(Supplied data begins)

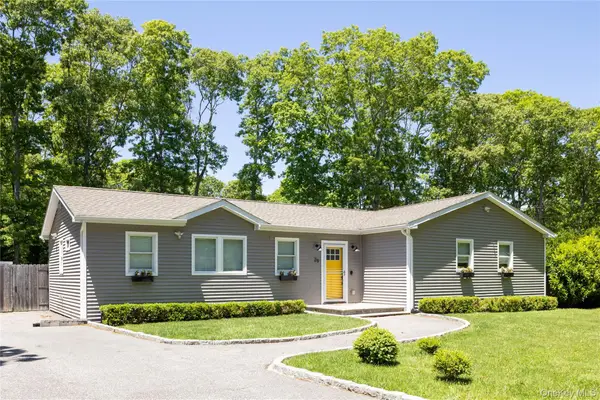 29 Matthews Drive, Speonk, NY 11972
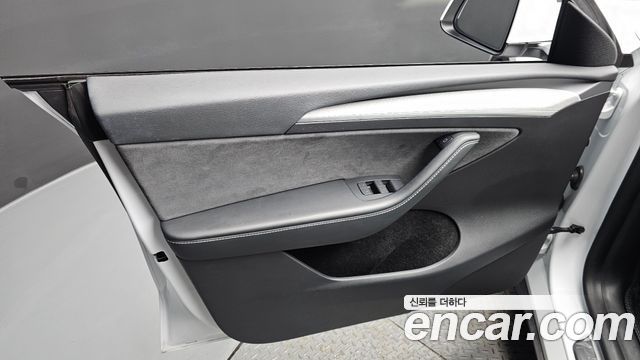 Tesla Model Y 2024 — photo 14
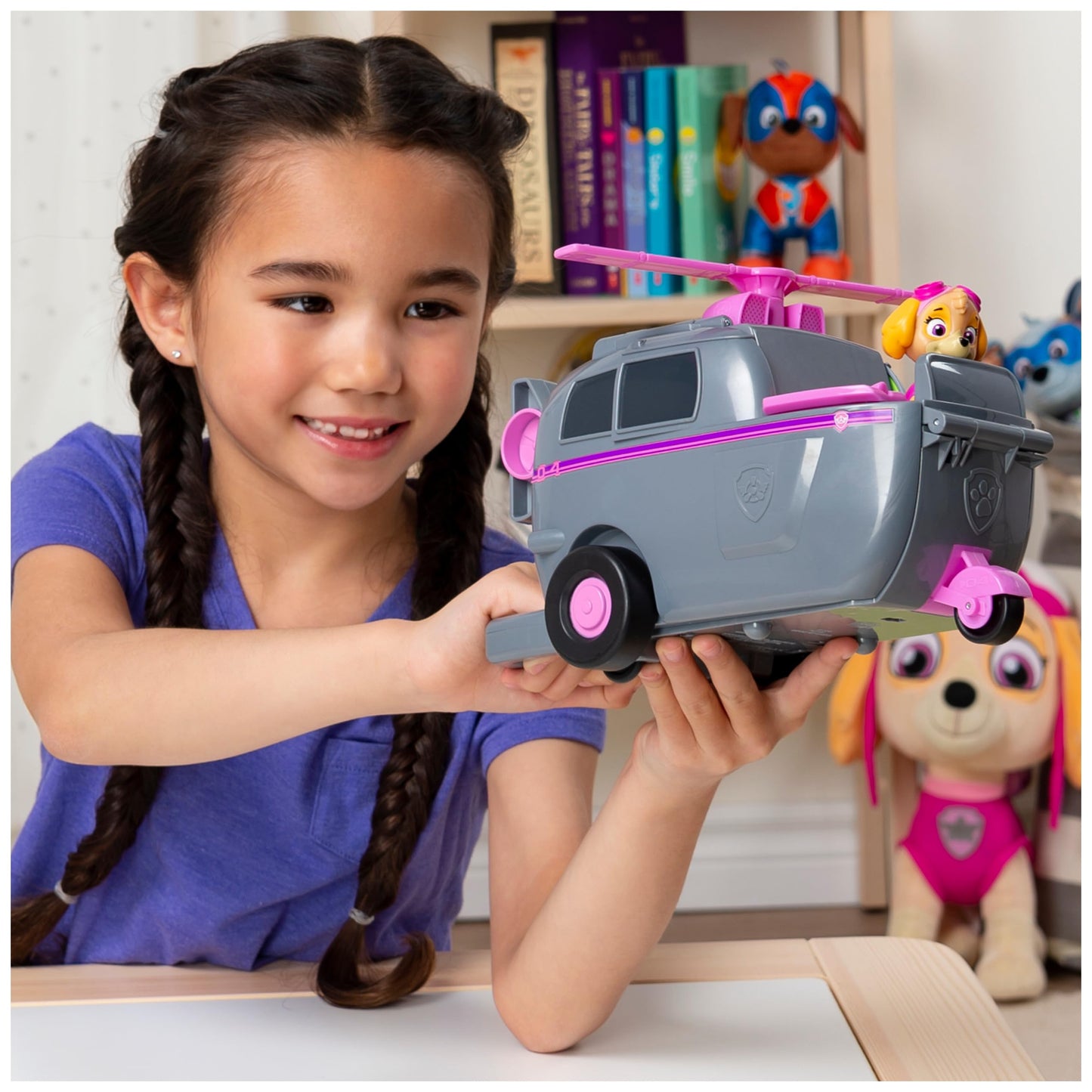 Paw Patrol, Skye’s Ride N Rescue, 2-in-1 Transforming Playset and Helicopter, for Kids Aged 3 and Up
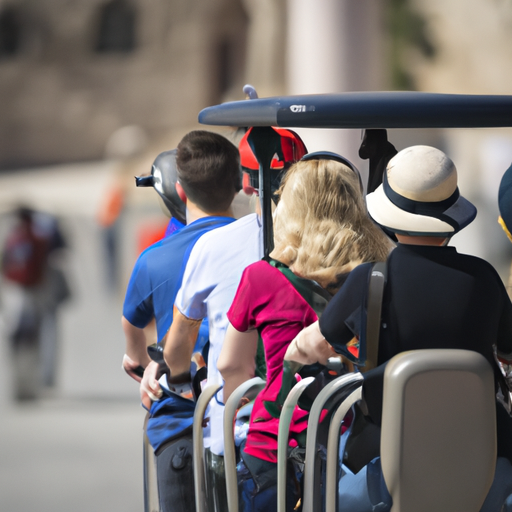 קבוצת טיולים המטיילת בירושלים תוך שימוש באפשרויות תחבורה בנות קיימא שונות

(Supplied data ends)

_Problem to work on_.
The range to set down runs from the line containing "Tesla Model Y 2024 — photo 14" through the final line of the data, both ends included; give it exactly and drop the pictures.

_Response area_.
 Tesla Model Y 2024 — photo 14
 Paw Patrol, Skye’s Ride N Rescue, 2-in-1 Transforming Playset and Helicopter, for Kids Aged 3 and Up
 קבוצת טיולים המטיילת בירושלים תוך שימוש באפשרויות תחבורה בנות קיימא שונות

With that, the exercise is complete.